Stationarity means the statistical properties of the series (mean, variance, autocorrelation) do not change over time. For AR(1), the condition is simply |ρ| < 1. For higher-order models, compute the companion-matrix eigenvalues: all eigenvalues must have modulus less than 1. Non-stationary processes have forecasts that diverge rather than converge to a long-run mean.

The long-run (unconditional) mean is the value the series converges to over an infinite forecast horizon under stationarity. For AR(1), it equals a/(1−ρ). For AR(p), it equals a/(1 − ρ1 − ρ2 − … − ρp). This value is only meaningful when the process is stationary. The long-run mean appears as a horizontal dashed line on the fan chart, showing how point forecasts gradually approach it.

Forecast intervals account for the uncertainty that accumulates as we forecast further ahead. For each step h, the interval is ŷt+h ± zα/2 × √Var(et+h), where zα/2 is the critical value (1.96 for 95%). For AR(1), the forecast error variance has a closed form: σ²(1−ρ2h)/(1−ρ²). For AR(2) and AR(3), the variance is computed using psi-weights from the Wold decomposition. These are normal-approximation intervals that ignore parameter-estimation uncertainty. For stationary models, intervals widen with the horizon then plateau at the unconditional variance.

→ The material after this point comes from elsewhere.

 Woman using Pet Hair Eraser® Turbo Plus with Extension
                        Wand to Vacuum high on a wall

A fan chart visualizes forecast uncertainty by showing progressively wider confidence bands around the point forecast. The solid line in the center represents the best point forecast at each horizon. The darkest shaded band (50%) shows where the actual value is equally likely to fall above or below. The medium band (80%) covers most likely outcomes. The widest, lightest band (95%) captures nearly all reasonable outcomes. The bands expand over time because forecast uncertainty grows with the horizon. Fan charts were popularized by the Bank of England for inflation forecasts.

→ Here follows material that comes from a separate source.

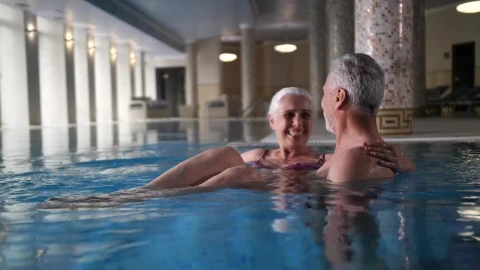 Stock Video Elderly Couple Enjoying Time In The Pool Live Wallpaper For PC - Free Live Wallpaper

Use higher-order AR models when the data exhibits more complex dynamics than a simple first-order process. AR(2) can capture cyclical or oscillatory behavior (when ρ2 < 0, creating dampened oscillations). AR(3) adds further flexibility for modeling seasonal-like patterns at short lags. The choice should be guided by information criteria (AIC, BIC) from the estimated regression, significance of higher-order lag coefficients, and residual diagnostics. In practice, AR(1) suffices for many macroeconomic and financial time series, but AR(2) is common for quarterly GDP and interest rates.
Disclaimer

This calculator is for educational purposes only and assumes estimated AR parameters are known. Actual forecasting involves additional considerations including parameter uncertainty, model selection, structural breaks, and non-normal errors. Results should not be used as the sole basis for investment or policy decisions.